Keronite surface treatment technology has its origins in Russia, where research scientists were given the task of developing a superhard, corrosion resistant coating for light-metal alloys. This work eventually led to the discovery of plasma electrolytic oxidation (PEO) technology.
In the 1990s, a company in the UK worked with the Russian developers to transfer the technology know-how and the associated intellectual property to the West. The process was developed further and introduced under the name Keronite. Following successful testing and evaluation of the coating, a company of the same name was established in 2000.
Keronite Ltd. recently formalized its partnership with KECO Engineered Coatings (Indianapolis, Ind.; www.kecocoatings.com) to form Keronite Indianapolis LLC. The partnership combines the technical expertise of Keronite and KECO's extensive knowledge and reputation in the U.S. market. KECO Engineered Coatings is a provider, developer and applicator of industrial coatings to diverse markets including aerospace, automotive, lighting, performance racing, packaging, food and glass. The company also provides a wide range of custom services such as research support, prototype development and distinct production. Included in the company's products are non-stick liquids and powders; dry film lubes; and metallic, ceramic and corrosion resistant coatings.

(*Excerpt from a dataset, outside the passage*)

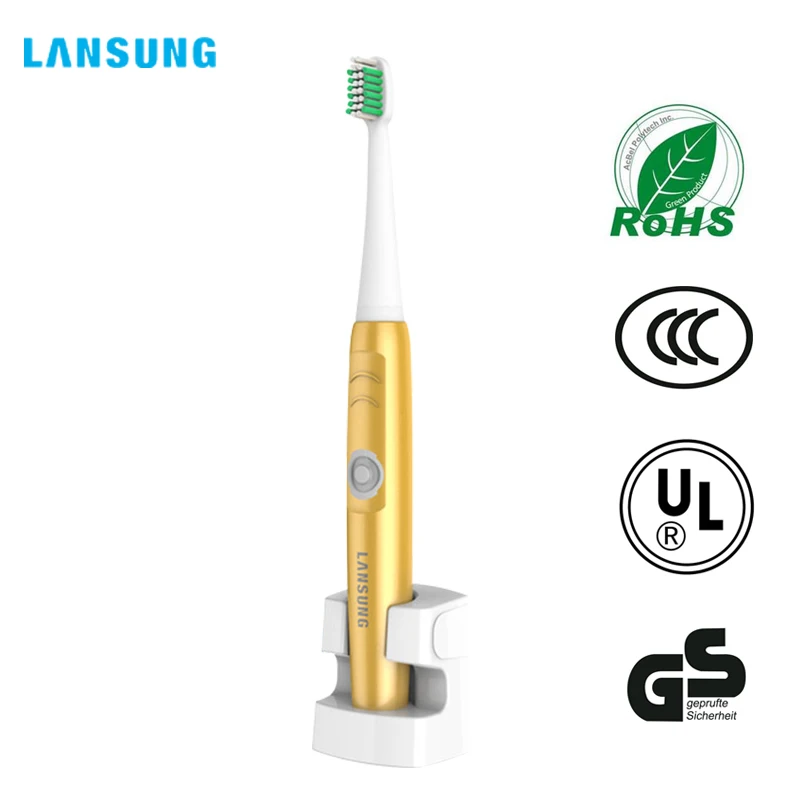 

Lansung A39Plus Wireless Inductive Electric Toothbrush Rechargeable Ultrasonic Toothbrushes Electric Toothbrush Oral Hygiene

The Keronite process uses a patented bath-based process known as plasma electrolytic oxidation (PEO), specifically designed for the treatment of light-metal alloys. In the process, a pulsed voltage is passed through a bath of electrolyte solution and applied to the substrate (Fig. 1). The resulting plasma discharge rapidly produces a hard, fused ceramic layer on the surface of the component. The Keronite layer becomes self-regulating, and a uniform thickness is achieved automatically, even along the edges of components. This is a major advantage over conventional dip processes, which often have a tendency to produce points of weakness along critical edges.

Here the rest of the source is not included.